• Activity
Write the listing below out again in full, dropping its pictures.

---------- Records ----------

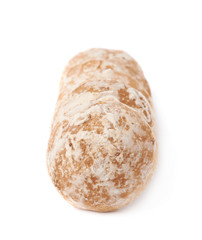 Pile of small cake gingerbread  isolated over the white background
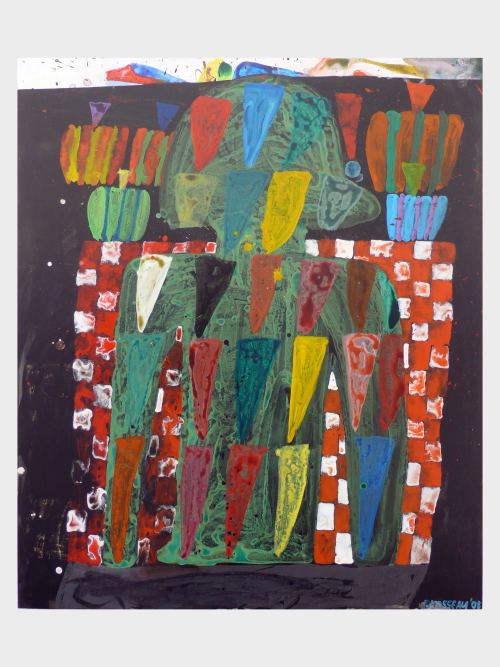 Jamison Brosseau, Untitled, 2008. Acrylic on panel, 42 x 35 in, 107 x 89 cm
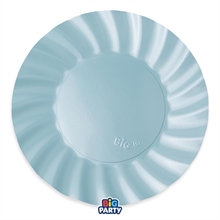 PIATTI WAVY CELESTE PERLATO 30CM 6PZ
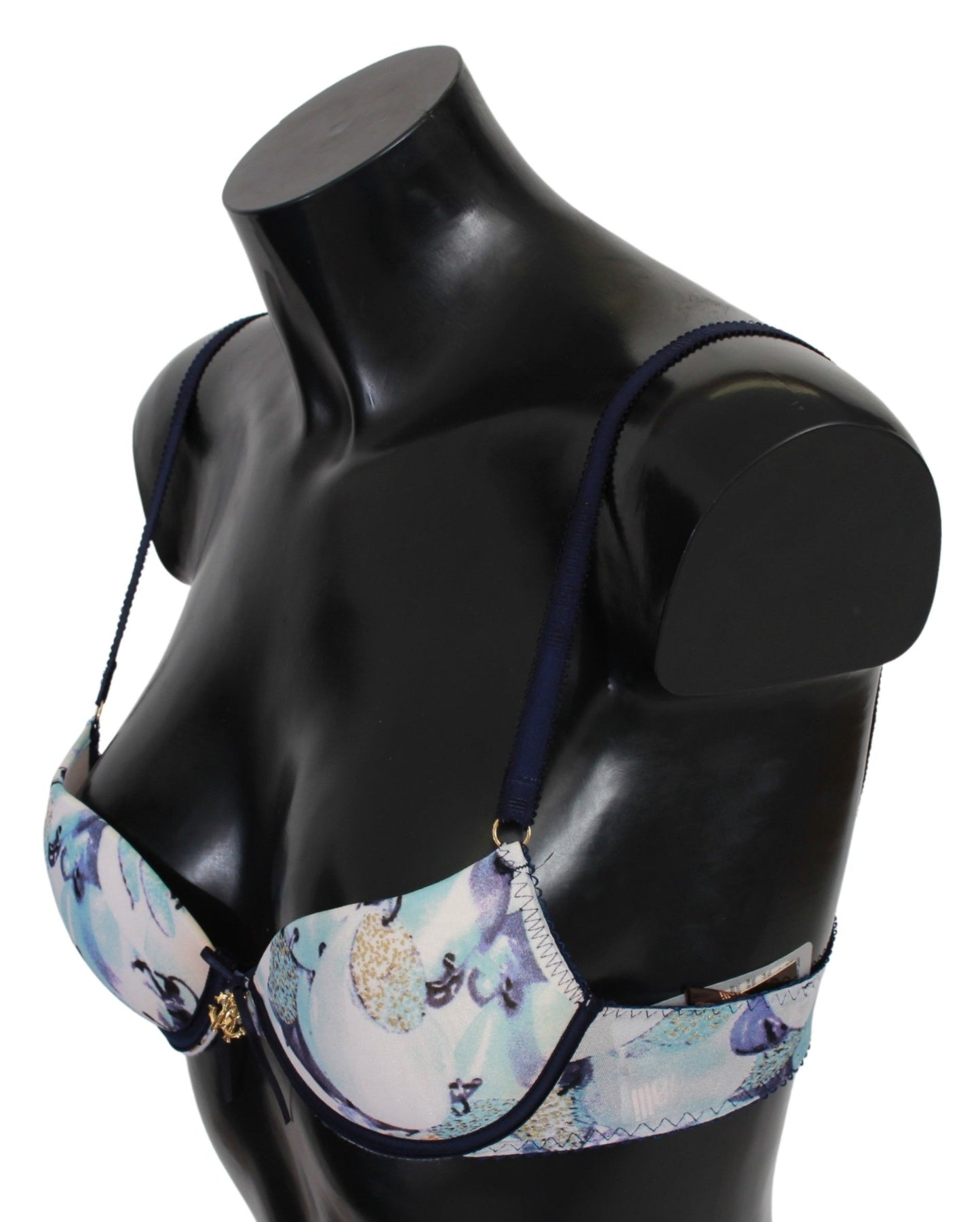 Elegante Push-Up BH in Blauwe Print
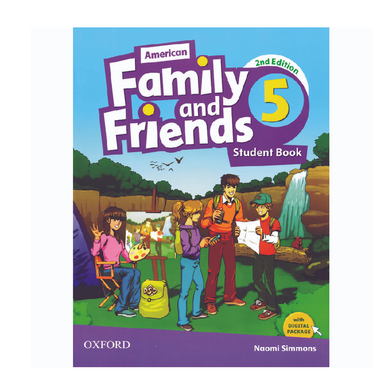 کتاب 5 American Family and Friends اثر Naomi Simmons انتشارات آکسفورد
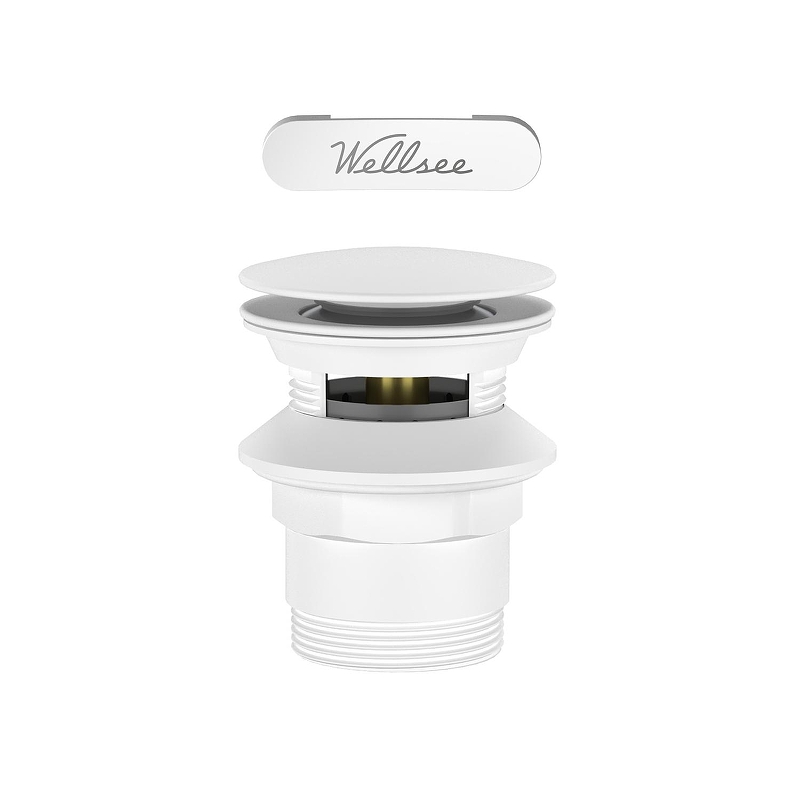 Слив-перелив Wellsee Useful Extras 231928000 click-clack цвет Белый матовый
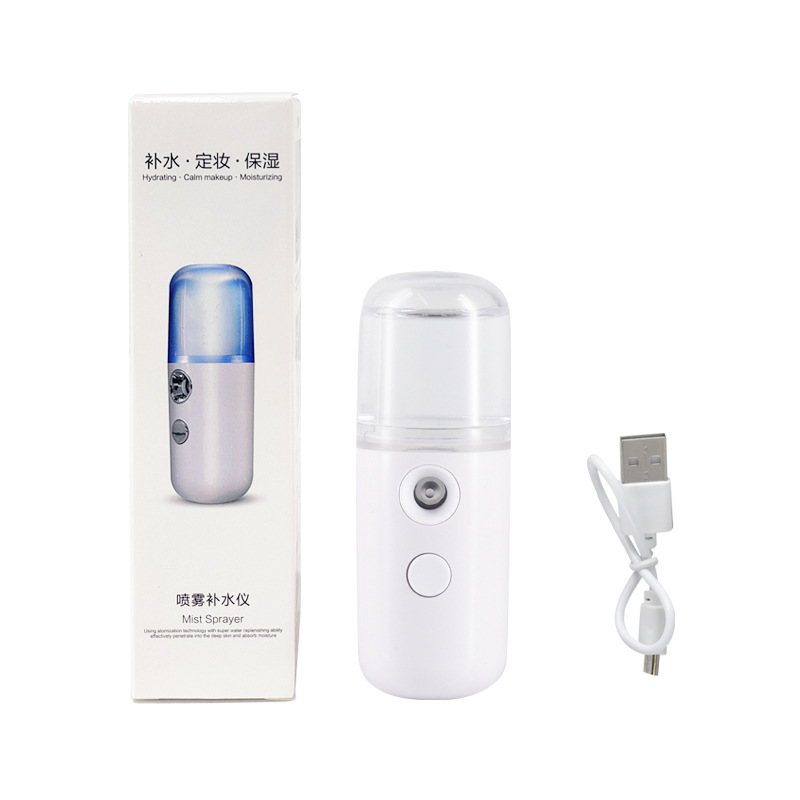 Nano Pulverizador de Bolas Pequeñas, Dispositivo Hidratante Portátil, Humidificador, Vaporizador Facial de Mano, Agua Desinfectante con Ácido Hipocloroso image 9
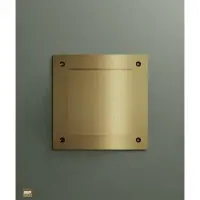 Hotbath &More vierkant ventilatierooster met schroeven geborsteld gunmetal PVD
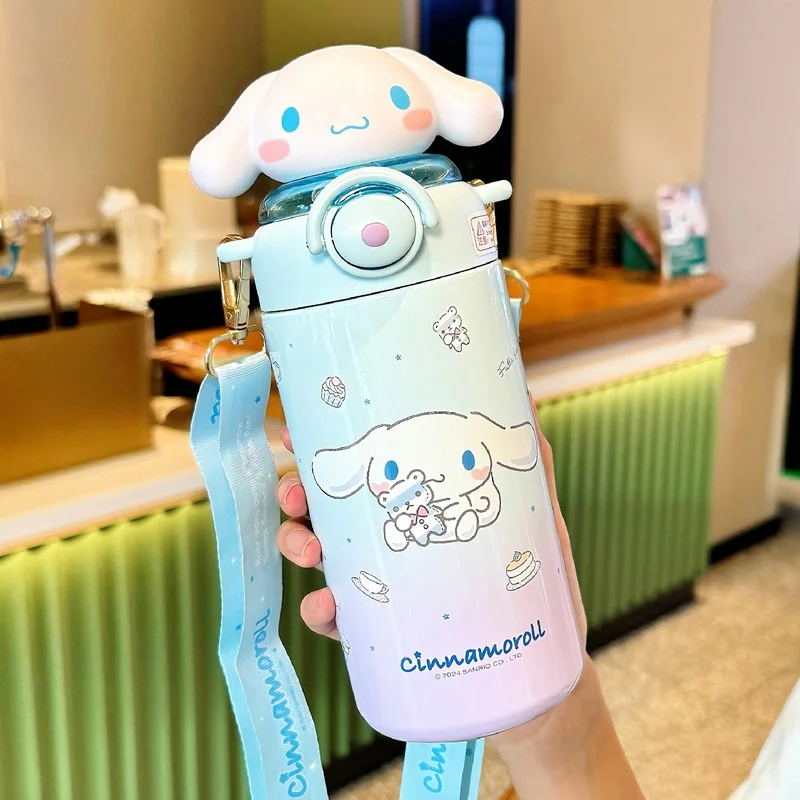 

Children's water cup Sanrio cartoon girl high-value large-capacity portable straw cup 316 stainless steel mug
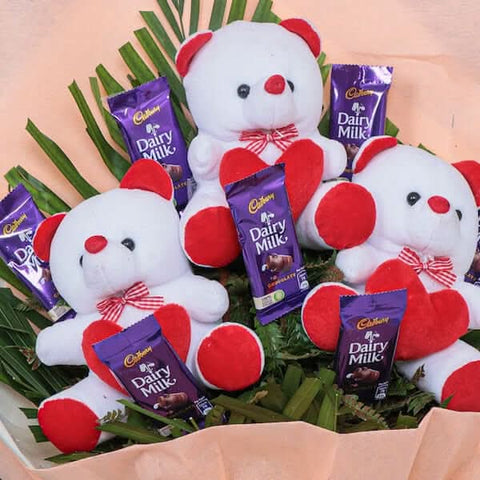 Cossy Bunch Of Love Teddy Bouquet - View 2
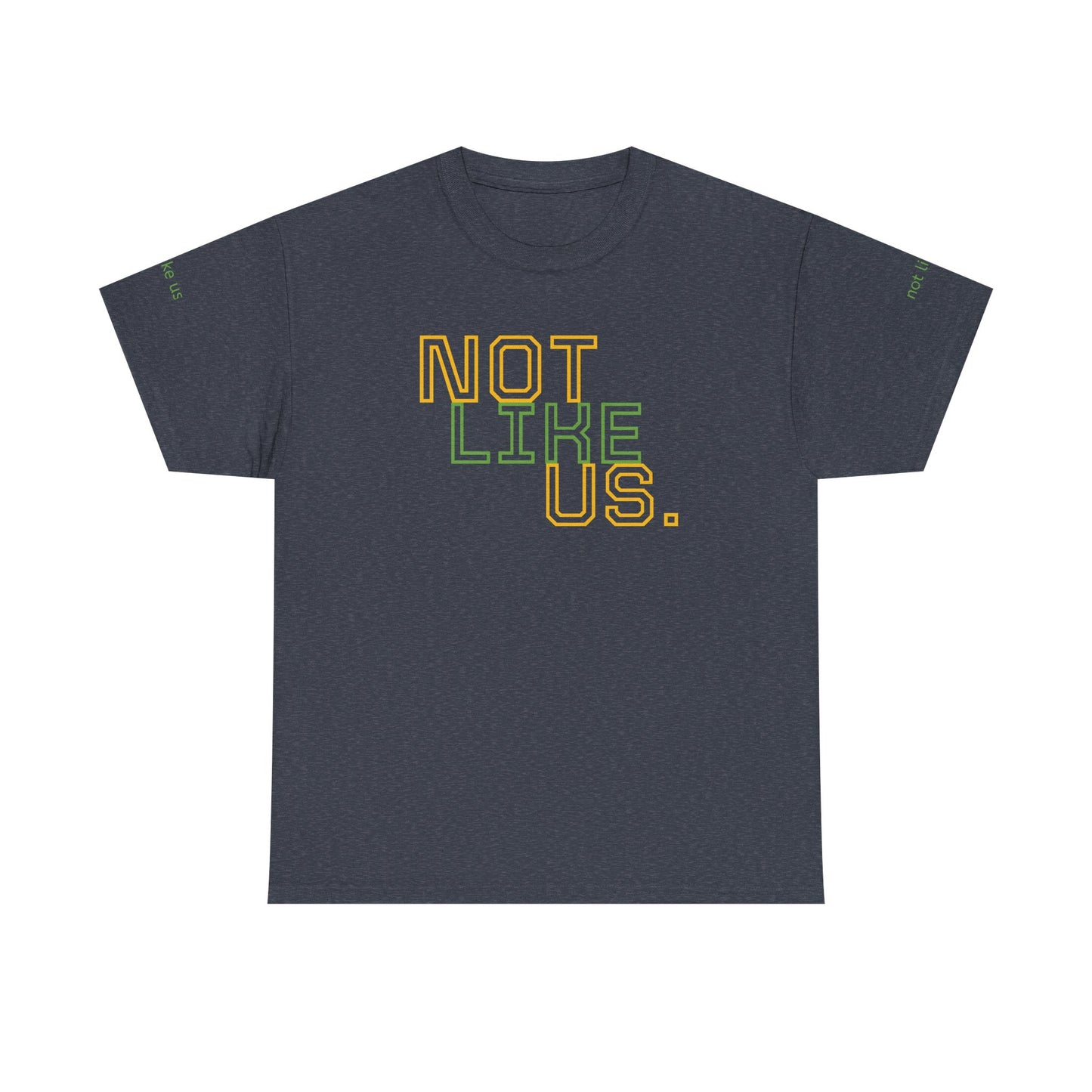 Unisex Heavy Cotton Tee - "NOT LIKE US" Statement Tee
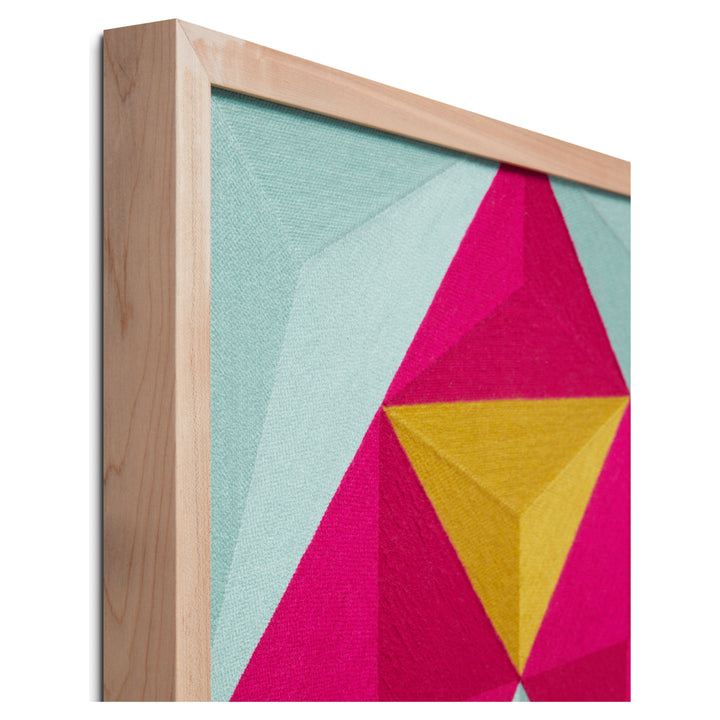 Loloi Fair and Square Pink / Gold 2' x 2' Wall Art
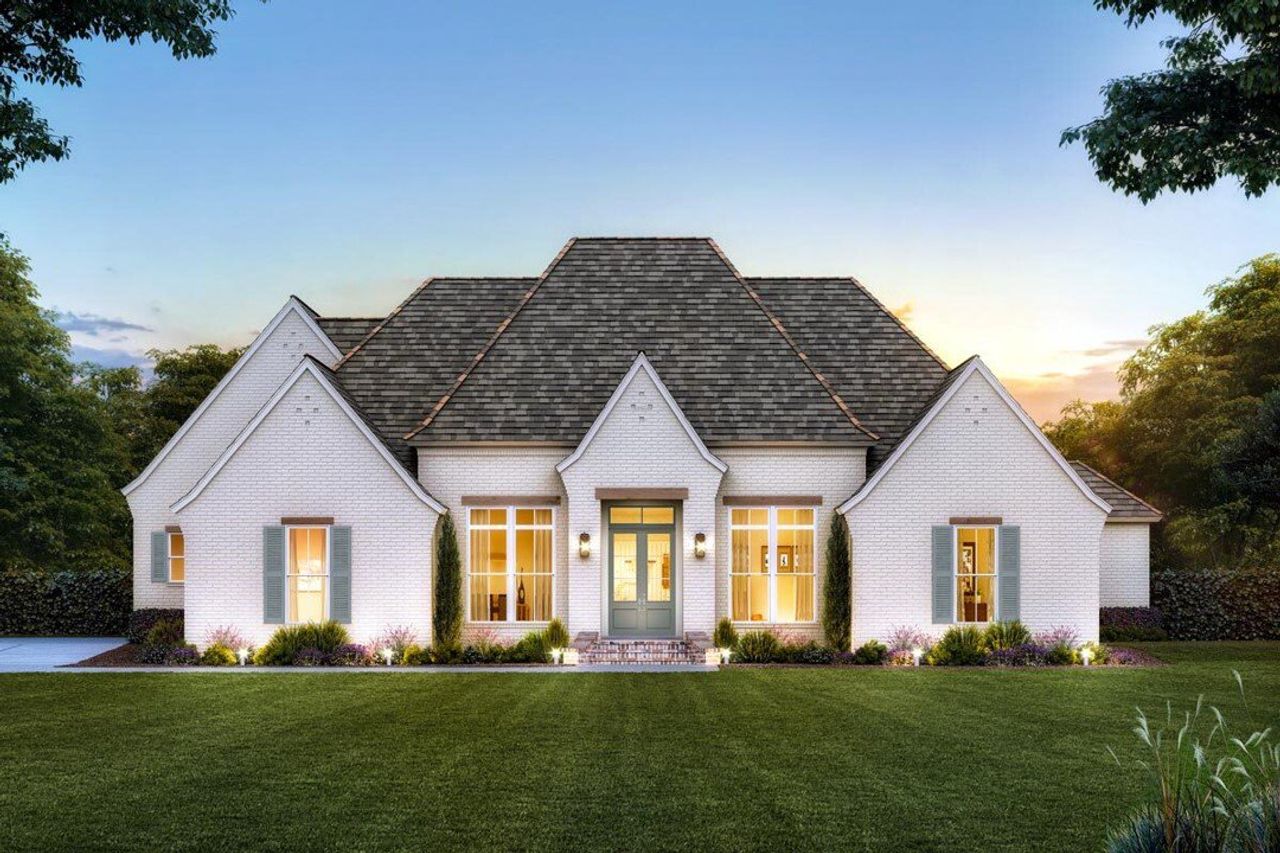 Representative exterior photo of a completed home built from the The Merlot by Remington Custom Homes in Bella Crossing, Benbrook, TX (Image 2).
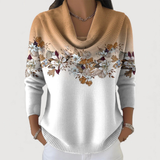 Serena | Floral Soft-Neck Sweater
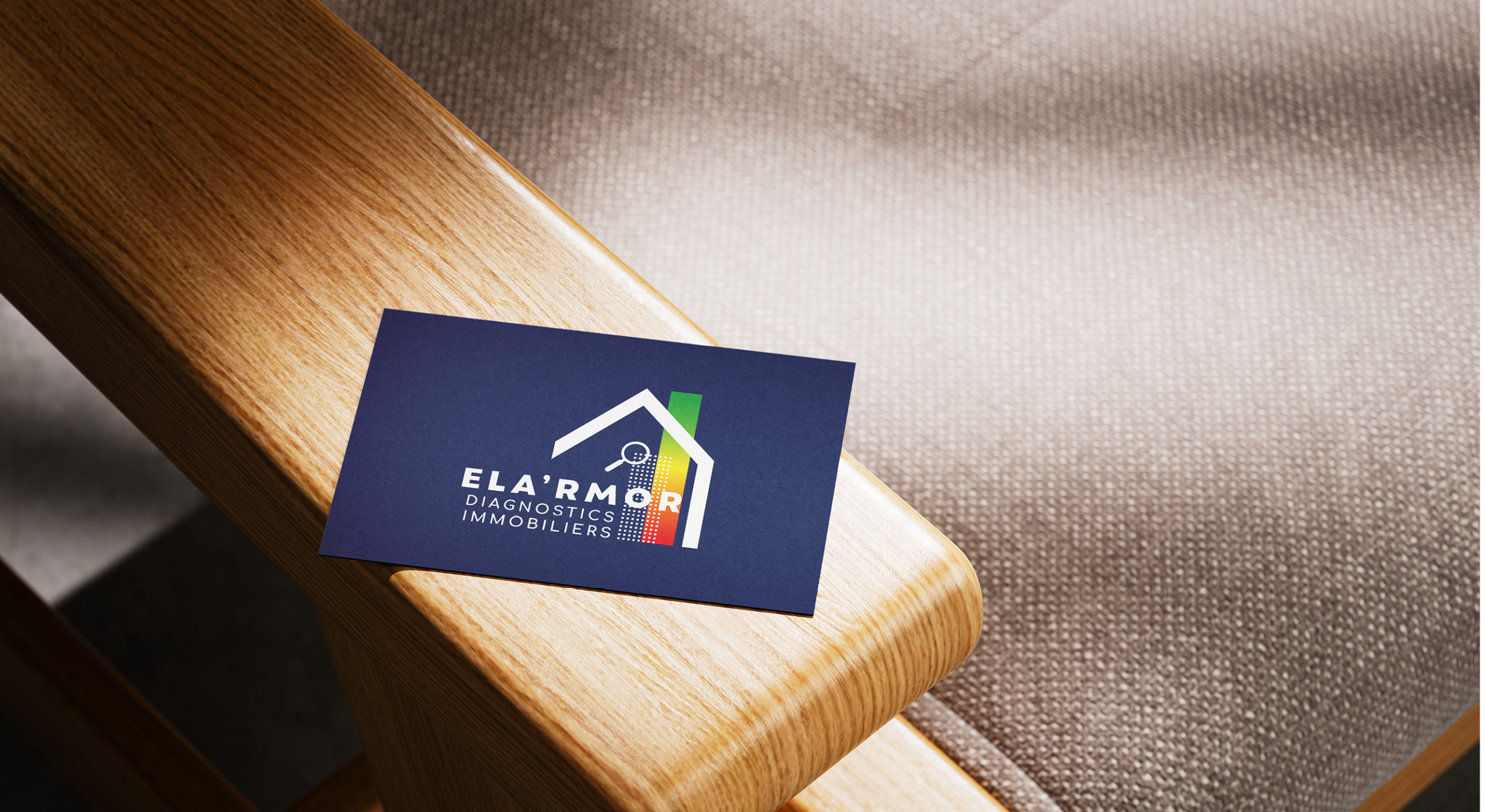 Maquette du logo Ela'rmor par Mathilde Vassallo pour Carton Graphique.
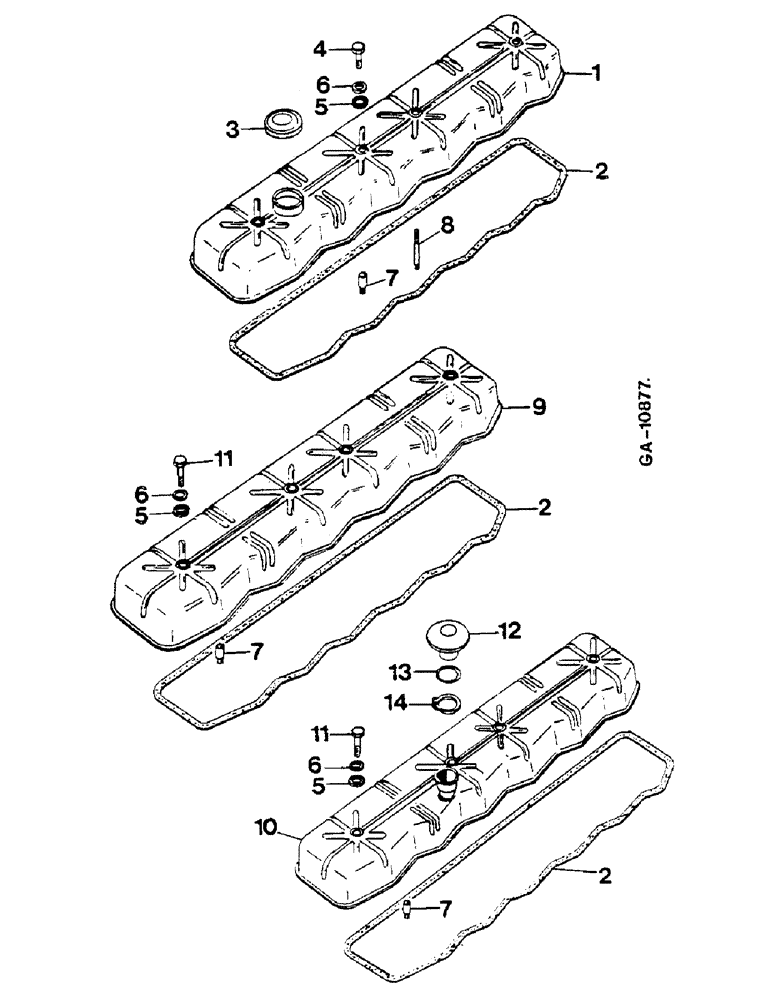 Схема запчастей Case IH D-358 - (08-07) - VALVE HOUSING COVER, 6 CYLINDER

----------

• Written reply
 Pile of small cake gingerbread  isolated over the white background
 Jamison Brosseau, Untitled, 2008. Acrylic on panel, 42 x 35 in, 107 x 89 cm
 PIATTI WAVY CELESTE PERLATO 30CM 6PZ
 Elegante Push-Up BH in Blauwe Print
 کتاب 5 American Family and Friends اثر Naomi Simmons انتشارات آکسفورد
 Слив-перелив Wellsee Useful Extras 231928000 click-clack цвет Белый матовый
 Nano Pulverizador de Bolas Pequeñas, Dispositivo Hidratante Portátil, Humidificador, Vaporizador Facial de Mano, Agua Desinfectante con Ácido Hipocloroso image 9
 Hotbath &More vierkant ventilatierooster met schroeven geborsteld gunmetal PVD

Children's water cup Sanrio cartoon girl high-value large-capacity portable straw cup 316 stainless steel mug
 Cossy Bunch Of Love Teddy Bouquet - View 2
 Unisex Heavy Cotton Tee - "NOT LIKE US" Statement Tee
 Loloi Fair and Square Pink / Gold 2' x 2' Wall Art
 Representative exterior photo of a completed home built from the The Merlot by Remington Custom Homes in Bella Crossing, Benbrook, TX (Image 2).
 Serena | Floral Soft-Neck Sweater
 Maquette du logo Ela'rmor par Mathilde Vassallo pour Carton Graphique.
 Схема запчастей Case IH D-358 - (08-07) - VALVE HOUSING COVER, 6 CYLINDER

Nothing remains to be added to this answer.